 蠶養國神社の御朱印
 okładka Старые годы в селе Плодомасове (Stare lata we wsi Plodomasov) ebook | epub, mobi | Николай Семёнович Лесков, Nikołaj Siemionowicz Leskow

* * *

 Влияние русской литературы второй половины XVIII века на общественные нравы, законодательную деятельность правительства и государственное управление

--

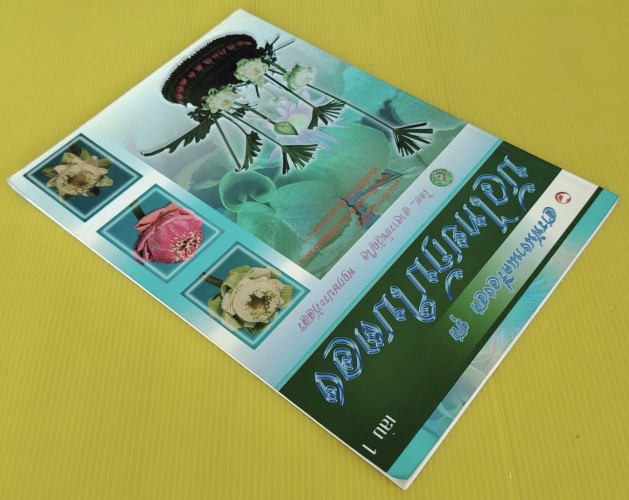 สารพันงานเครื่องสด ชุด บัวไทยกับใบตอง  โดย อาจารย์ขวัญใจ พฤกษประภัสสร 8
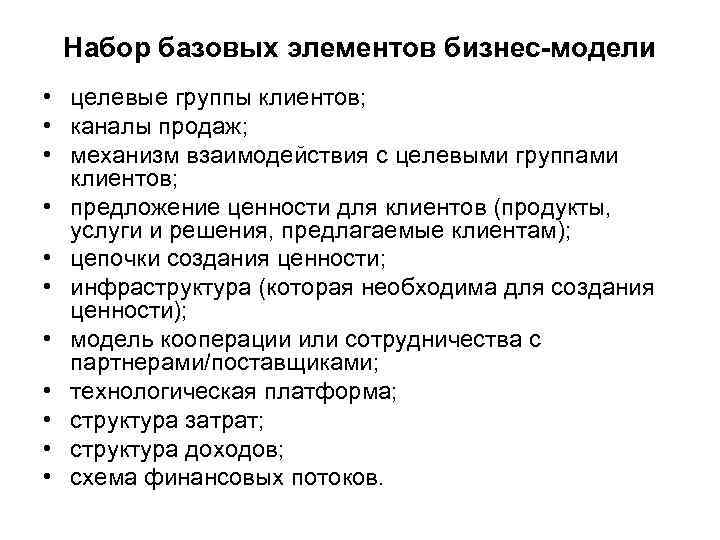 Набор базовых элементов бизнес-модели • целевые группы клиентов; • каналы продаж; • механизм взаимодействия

### Work to be completed
In the listing above, find the line with "สารพันงานเครื่องสด ชุด บัวไทยกับใบตอง" and output every line through the one with "Набор базовых элементов", exactly, without the pictures.

### Answer to this exercise
 สารพันงานเครื่องสด ชุด บัวไทยกับใบตอง  โดย อาจารย์ขวัญใจ พฤกษประภัสสร 8
 Набор базовых элементов бизнес-модели • целевые группы клиентов; • каналы продаж; • механизм взаимодействия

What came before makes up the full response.